Mergers, acquisitions and affiliations are occurring across the country at a rate that seems to be accelerating. For the chief information officers in particular, demands related to these unions can be as time-sensitive and unforgiving as achieving the CMS' information technology incentive requirements. One of the first activities for the smaller organization is to rapidly replace, upgrade and reconfigure technology in accordance with the larger system to achieve economies of scale and improve patient outcomes. For already strained IT staffs, that means yet another mission-critical project runs simultaneously on a typically tight timeline as other mission-critical initiatives. My staff at the time described the scenario this way: “You want us to change the tires on a race car while it is still racing, right?”
The difference with this new project apart from the others is that it is under the direction and leadership of the larger organization. Changes in IT reporting lines along with new personnel practices and cultural protocols begin to occur about as soon as the ink on the formal agreement dries. While this may be a harsh reality for CIOs in the smaller organization, the larger organization, in terms of net revenue, is not going to lose momentum to sort out what, if anything, the smaller organization's IT operations offer for change and jeopardize the timeline that underpins the collaboration. On the contrary, the larger organization is going to move with swift certainty using the demonstrated practices and methodologies that support continued success. This practice is not a commentary on the smaller organization. It is, rather, an insight into the larger organization's culture that if it is not broken, then don't fix it.
IT is typically at the spear tip of changes to come. During this transition period, the smaller organization begins to let go of long-held protocols and practices as leaders and staffers begin to adapt to the new culture. The IT technical team is the first skill set involved, in particular infrastructure and security engineers. Direct communication begins between technical counterparts, bypassing governance and cultural protocols. Counterparts begin to share the same workspace, bypassing office assignment protocols. The urgent need to establish secure communications between the organizations also challenges physical-access protocols to equipment of the smaller organization, affecting security policies and facilities staff. Resistant behaviors such as clarification of current protocols and methodology are viewed as irrelevant and time consuming.
My best advice to staff during this transition from an old identity to a new one is to let go and embrace the change.

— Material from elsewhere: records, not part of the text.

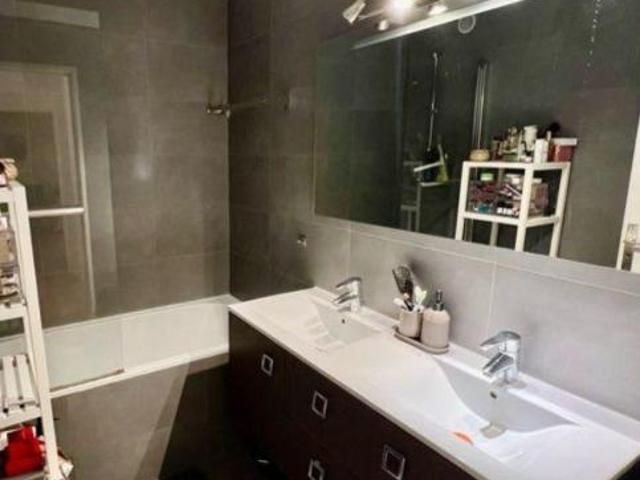 Appartement 2 pièces, 33 m² à louer à Paris 20 75020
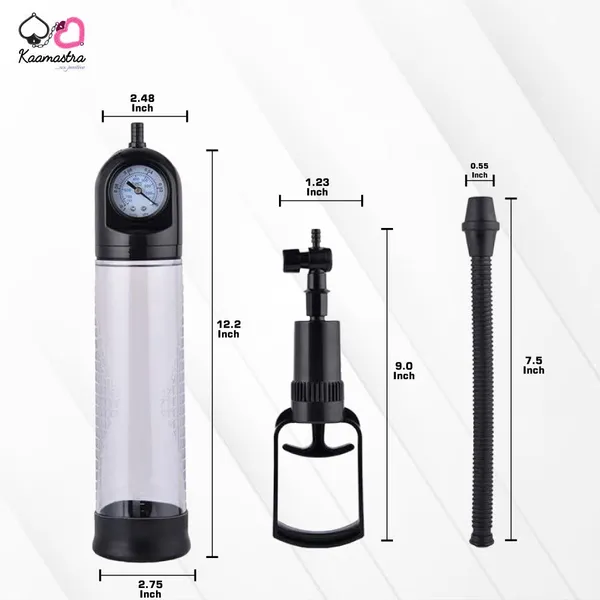 Kaamastra_Mens_Deluxe_Trigger_Penis_Pump
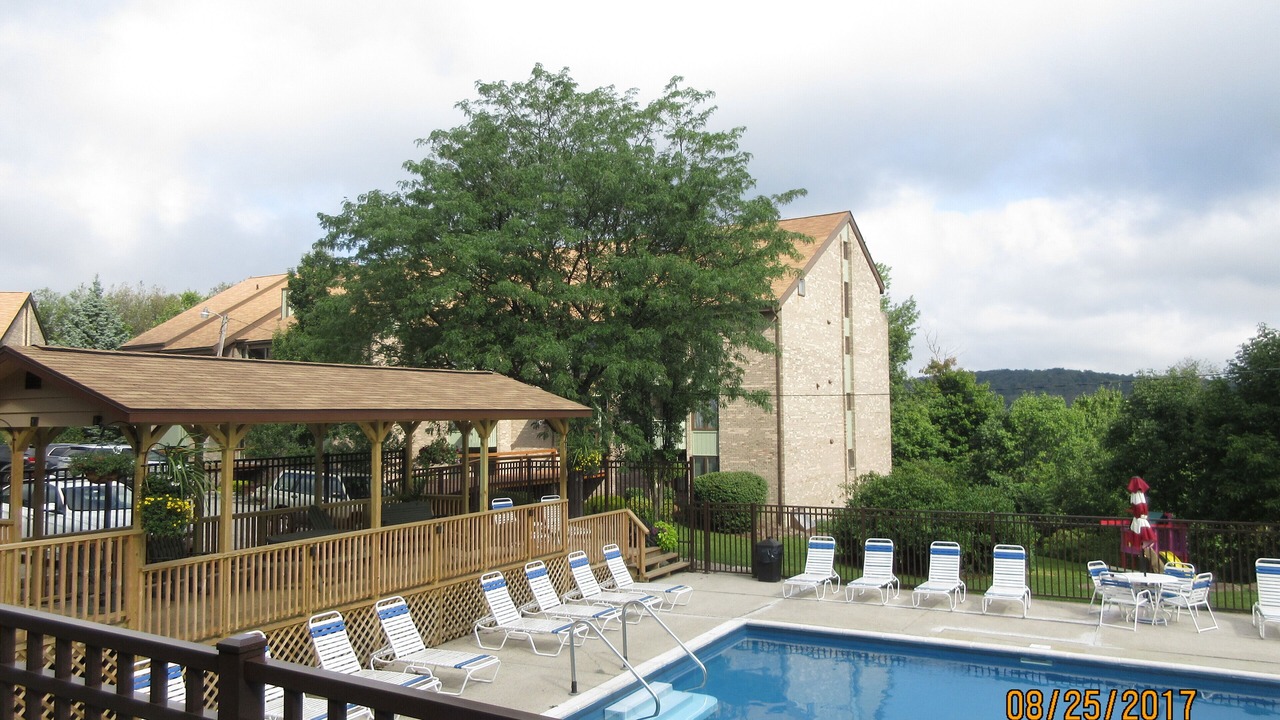 Photo of Outdoor in Seven Springs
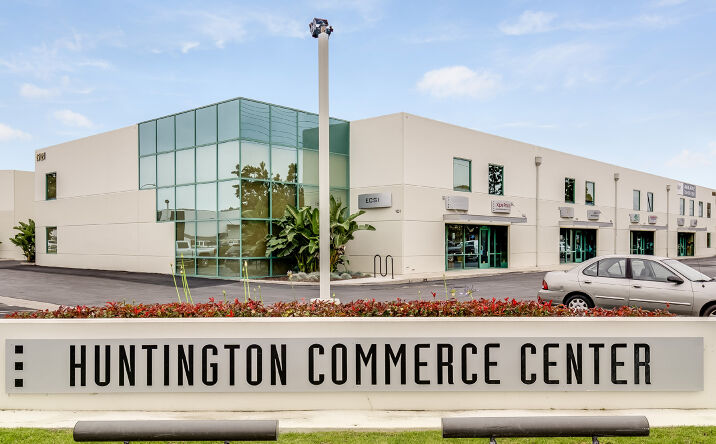 Pictures of Industrial property located at 5445 Oceanus Dr., Huntington Beach, CA 92649-1007 for lease - image #1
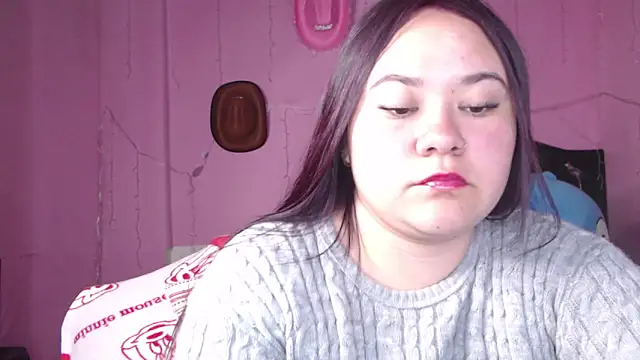 NikkiRous  online show from 8, 3, 2025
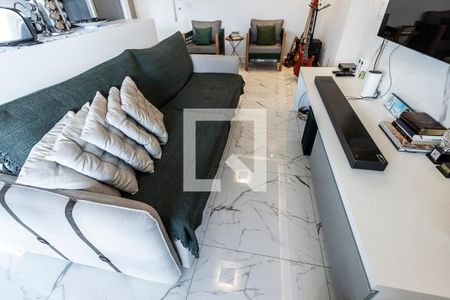 Apartamento à venda com 69m², 2 quartos e 1 vagaSala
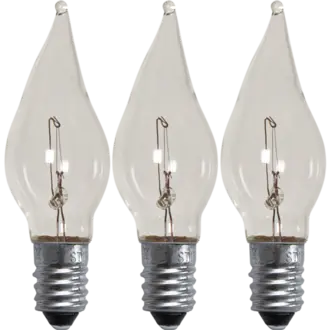 Reservlampa 3-pack Spare Bulb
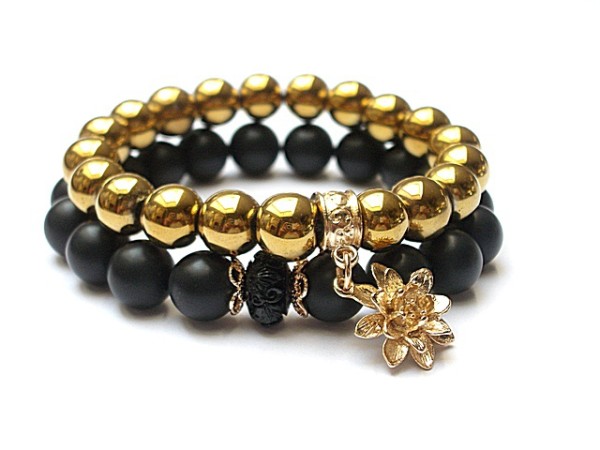 Black and gold /09-2014/ - duo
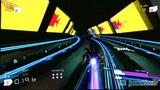 Vido WipEout HD | Vido exclu #1 - GC 2007 - Gameplay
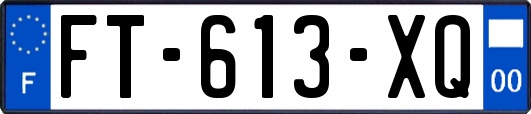 FT-613-XQ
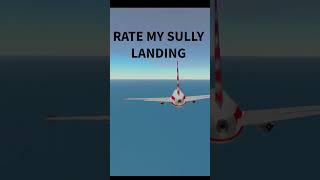 Rate MY sully Landing [upl. by Pasco61]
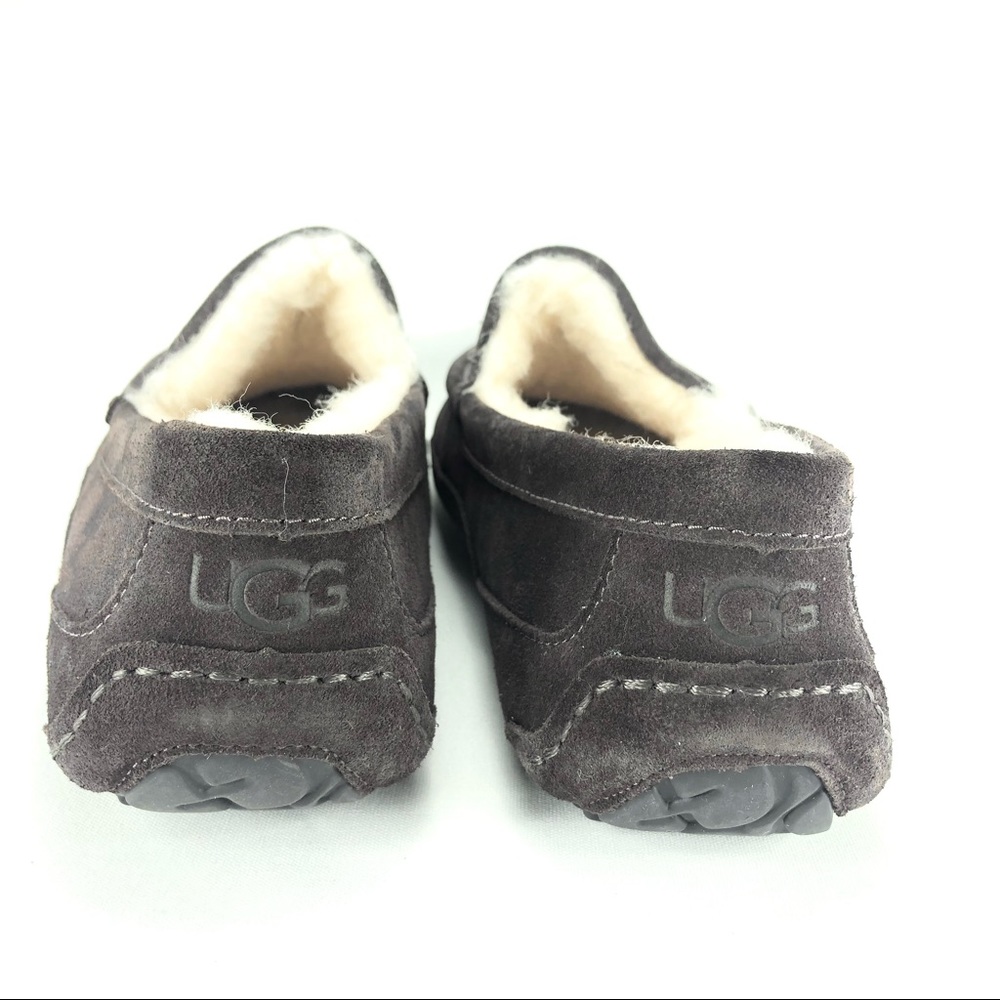 Like New Ascot Slippers - Picture 10 of 14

Continue to treat one another with the same courtesy and respect as usual, and extend these same courtesies to new colleagues.

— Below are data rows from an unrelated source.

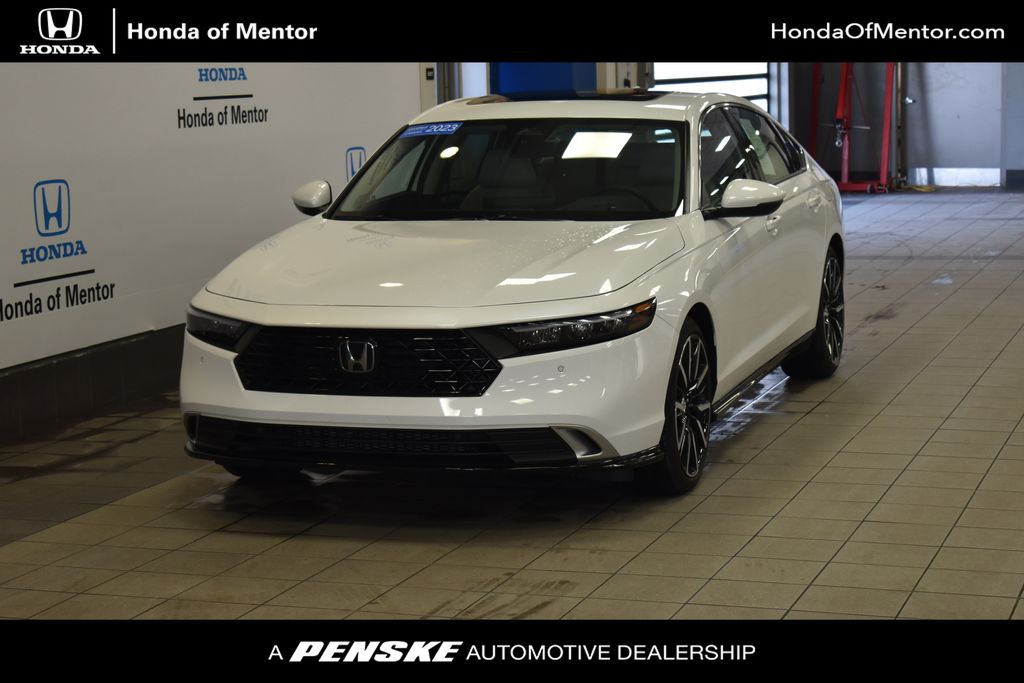 2023 Honda Accord Touring -
                Mentor, OH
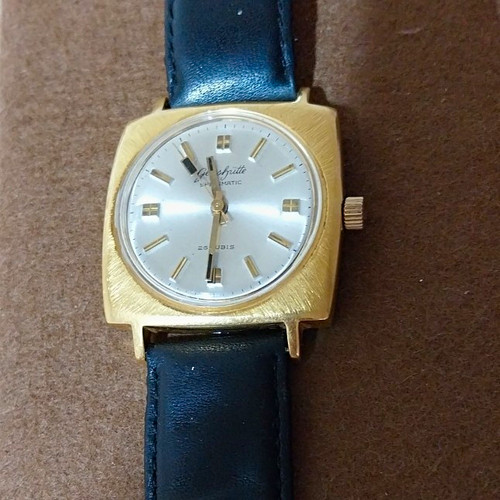 Gub glashütte spezimatic - gub,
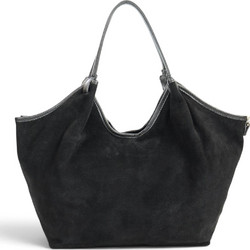Passaggio Leather Sorelia Black
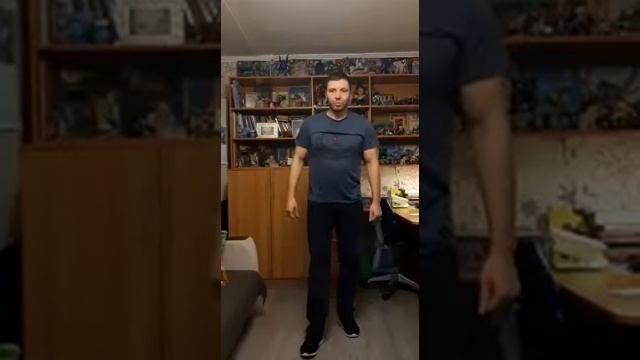 Общая физическая подготовка. Сидоров Н.Б. смотреть онлайн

As promised during the due-diligence process, leaders could remain but in very different roles with diminished span of control and responsibilities. As it was put to me, “Where would you expect to be placed when your organization's net revenue is only 10% of our business?” After 17 years of CHIME membership, the new position would not have offered me the eligibility to continue my membership and would have changed the trajectory of my career.
In my mind, it is not a question of whether any health system will be exempt from this M&A activity. The only question for me is how will the talents of displaced health system leaders, who are dedicated to healthcare, continue to support healthcare's historic transformation.
Edith Dees is a former health system chief information officer.